I've been remembering adopting my first cat at the SPCA. To take her home I had to sign a paper saying that I would not let her go outside. I was not comfortable with this, but, having already chosen a sweet little kitten who was not going to survive much longer at the shelter, was not about to leave without her! The shelter volunteer explained the rule to me, saying that cats who go outside don't live as long as indoor cats.
I guiltily signed the paper, knowing that my new cat would go outside. This was years before I had children, but I remember thinking the same thing was probably true about kids. If we never let them outside they might live longer, but who would want that kind of life for them?
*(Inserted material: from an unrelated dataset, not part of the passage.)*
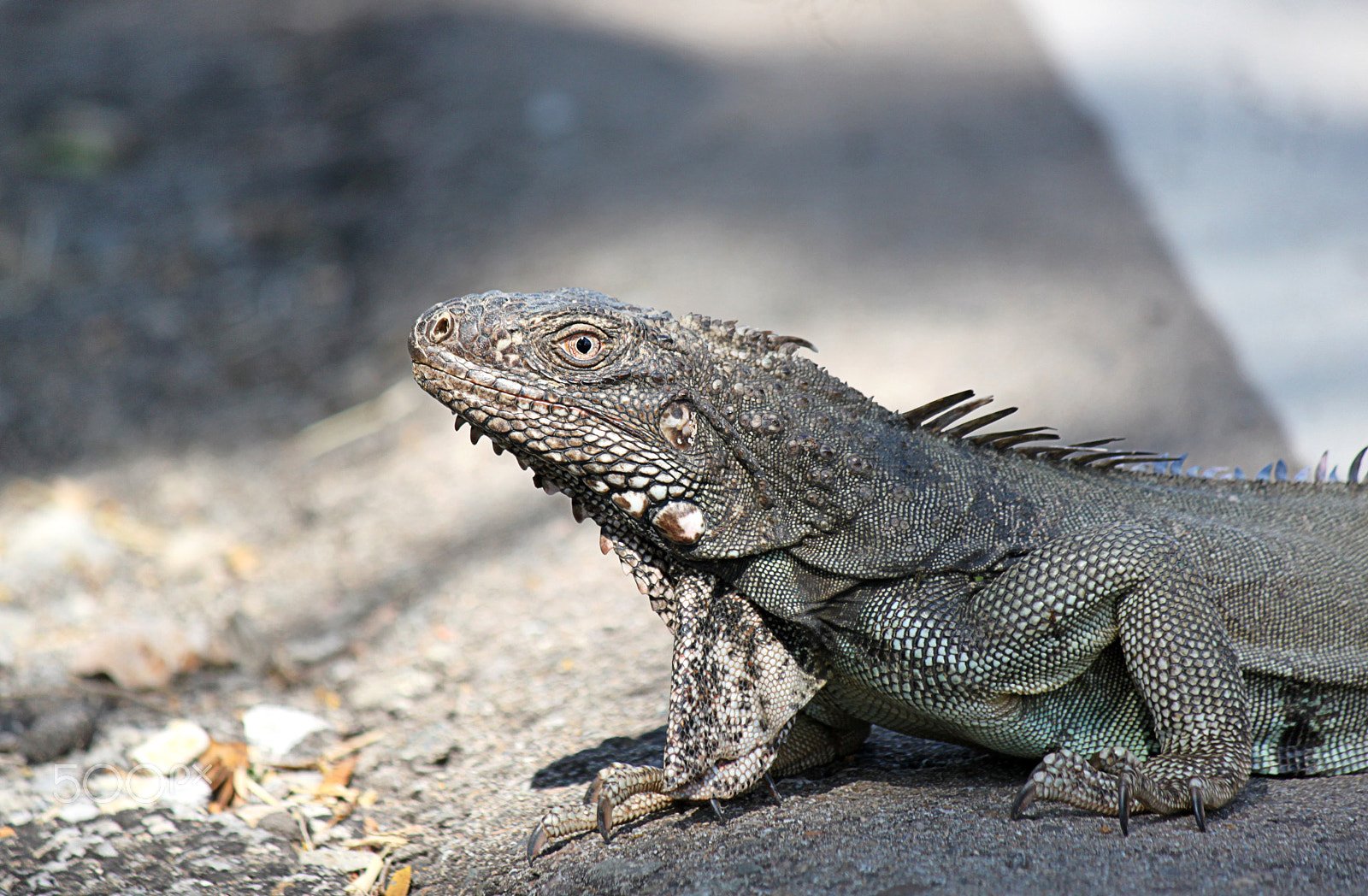 Canon EF-S 55-250mm F4-5.6 IS sample photo. Iguana photography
As a mom, I've remembered this story, but it isn't as easy for me to let my kids take risks as it was with my cat! Part of me wants them to stay in, to be safe. and to be careful. I want to know where they are and what they're doing. That's attachment. Fear of losing them or having to see them be hurt. Love is allowing them to live, to go outside and brave the sometimes dangerous world of friendships, driving, parties, even homework and school performance.
I know people who monitor every assignment their kids are given, and who use their child's cell phone to trace their movements. I've never gone that far, but do recognize the attachment in me that is similar. The work of parenting is to love them enough to let them grow through real and even hard experience. To be available again and again, supporting them as they integrate their experiences. To trust the life energy/soul presence in them that leads them to experiences they need and want. To know that they will make mistakes, but those mistakes may be the very ones they need to make as they learn to be fully alive and awake.
Lately, I've been quieting the part of myself that tries to tell my kids to 'be safe' and 'be careful' each time they go out. Instead, I'm saying 'have fun,' and 'I love you.'
As a mom (to 2 teenage sons), wife, and person in the world, I have been on a long imperfect journey. I have made many mistakes, but with mindfulness, emotional reflection, and lots of support I have learned enormously from those mistakes.